Die unglaubliche Justizgeschichte nahm bereits 2013 ihren Lauf, als sich das Paar scheiden ließ. Vor dem Richter einigte man sich darauf, dass der heute 56-Jährige künftig 260 Euro Unterhalt pro Monat an seine Ex-Frau zahlen sollte.
„Doch dann“, erzählt der St. Pöltner Anwalt Stefan Gloß im Gespräch mit dem KURIER, „änderten sich die Umstände.“
Der Niederösterreicher erkrankte, musste beruflich kürzertreten und sah sich bald nicht mehr in der Lage, so betont es jedenfalls sein Anwalt, die vereinbarten Unterhaltszahlungen weiter zu leisten. 2014 reichte er deshalb beim Bezirksgericht St. Pölten Klage ein, um den Unterhalt neu festsetzen zu lassen.
Richterwechsel
Zehn Jahre und sechs Monate später ist das Verfahren noch immer nicht abgeschlossen. Im Gegenteil – es wird weiterhin vor dem Bezirksgericht verhandelt. Laut Anwalt Gloß gab es mehrere Richterwechsel, Gutachten wurden eingebracht, neue Termine angesetzt. „Vermutlich wird sogar noch ein weiteres Jahr verhandelt. Diese Situation wirft kein gutes Bild auf die Justiz und belastet beide Parteien“, sagt der Jurist.
Verzögerungen wie diese sind in Österreich kein Einzelfall – prominente Beispiele wie das Verfahren gegen Ex-Finanzminister Karl-Heinz Grasser, das fast 15 Jahre dauerte, sind bekannt.

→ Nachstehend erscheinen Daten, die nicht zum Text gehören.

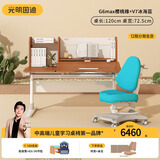 光明园迪2024新款G6MAX橡胶木儿童学习桌小学生升降桌 G6MAX樱桃橡120+V7椅+蓝椅套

Doch die Europäische Menschenrechtskonvention setzt klare Grenzen: In Artikel 6 heißt es, dass jeder Mensch Anspruch auf ein faires Verfahren hat – und dass dieses in einer „angemessenen Zeit“ erfolgen muss.
Anwalt Gloß sah in dem jahrelangen Verfahren einen klaren Verstoß gegen dieses Grundrecht und klagte vor dem EGMR. Die Richter in Straßburg gaben ihm recht: Die Republik Österreich – und somit der Steuerzahler – muss dem Kläger nun rund 11.200 Euro Entschädigung zahlen.
„Druck nimmt zu“
Ein Einzelfall? Wohl kaum. Denn auch Österreichs Richter selbst schlagen inzwischen Alarm: Mitte April unterschrieben über 1.400 von ihnen eine Petition, in der sie auf den akuten Personalmangel an den Gerichten hinwiesen. In einer gemeinsamen Erklärung fordern die Standesvertretungen eine sofortige Aufstockung der Planstellen sowie eine strukturelle Stärkung der Justiz.
Insgesamt würden rund 200 Planstellen fehlen, heißt es. Das sind rund 15 Prozent der derzeit etwa 1.500 Planstellen an den Bezirks- und Landesgerichten. Zudem würden die Verfahren immer komplexer werden.
„Die hohe Belastung, der zunehmende Druck und die Sorge, dem Anspruch auf ein faires und zügiges Verfahren nicht mehr gerecht werden zu können, sind real“, betonen Gernot Kanduth (Vereinigung der österreichischen Richterinnen und Richter) und Martin Ulrich (GÖD).